Make an exact copy of the records that follow, with each picture omitted.

*** Opening of RECORDS TO PROCESS ***

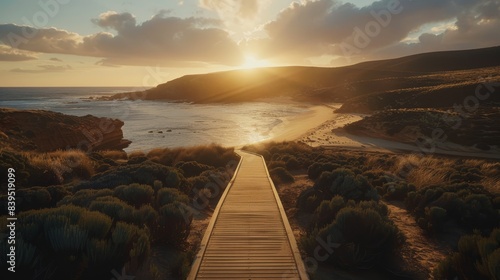 Scenic boardwalk at sunset to white sandy beach and ocean, bordered by lush shrubbery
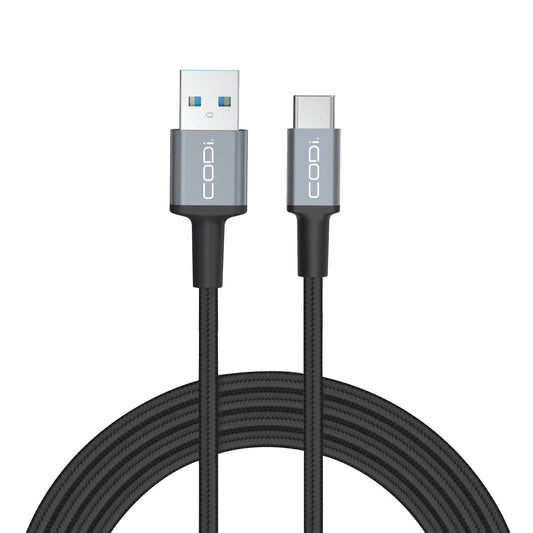 3' USB-A to USB-C Braided Nylon Charge & Sync Cable - CODi Worldwide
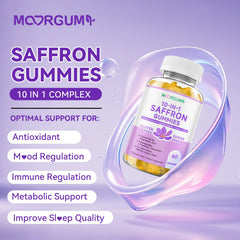 Close-up MOORGUMY saffron gummies with vibrant color and antioxidant-rich profile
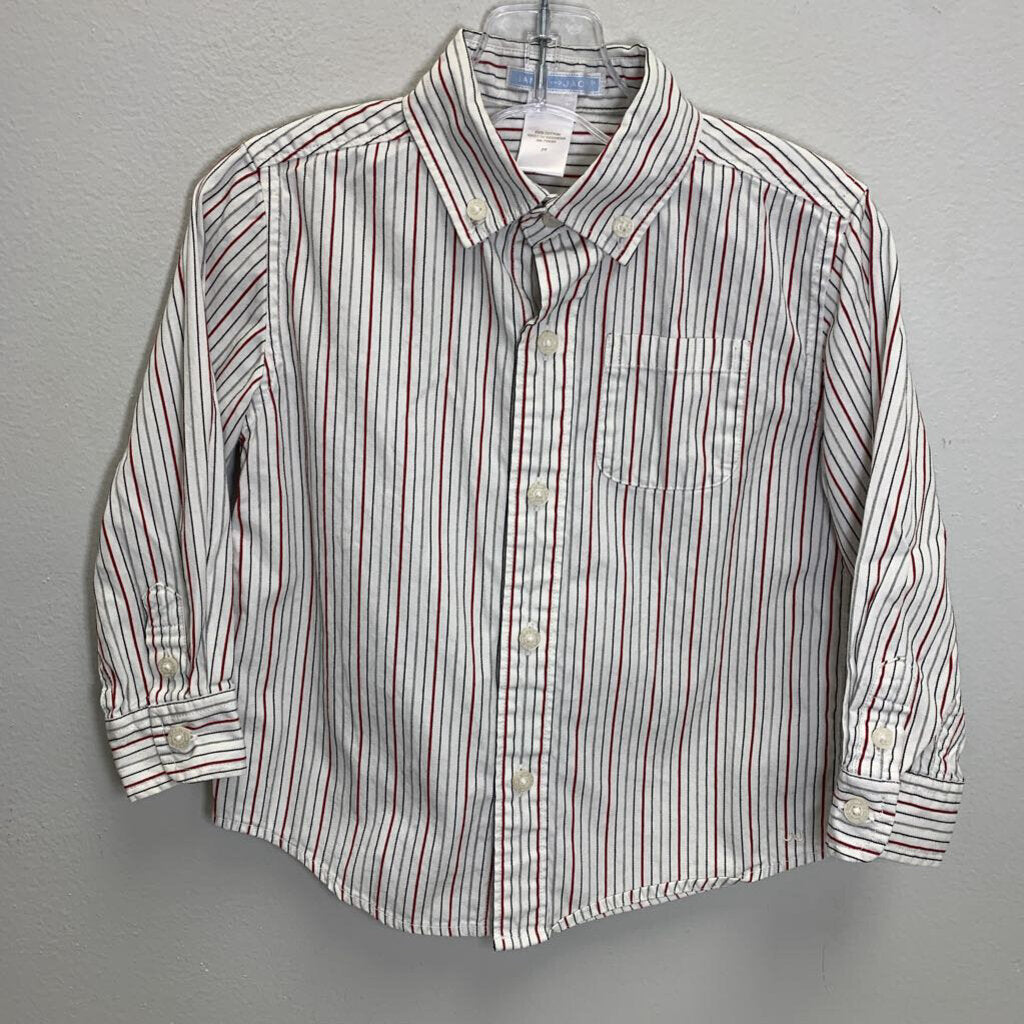 2T: Striped Button Up Shirt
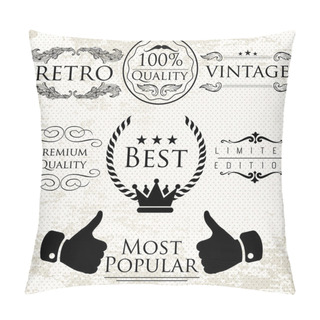 Personality  Set Of Vintage Vector Labels For Premium Quality Items Pillow Covers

*** Close of RECORDS TO PROCESS ***

— ANSWER TO THIS TASK —
 Scenic boardwalk at sunset to white sandy beach and ocean, bordered by lush shrubbery
 3' USB-A to USB-C Braided Nylon Charge & Sync Cable - CODi Worldwide
 Close-up MOORGUMY saffron gummies with vibrant color and antioxidant-rich profile
 2T: Striped Button Up Shirt
 Personality  Set Of Vintage Vector Labels For Premium Quality Items Pillow Covers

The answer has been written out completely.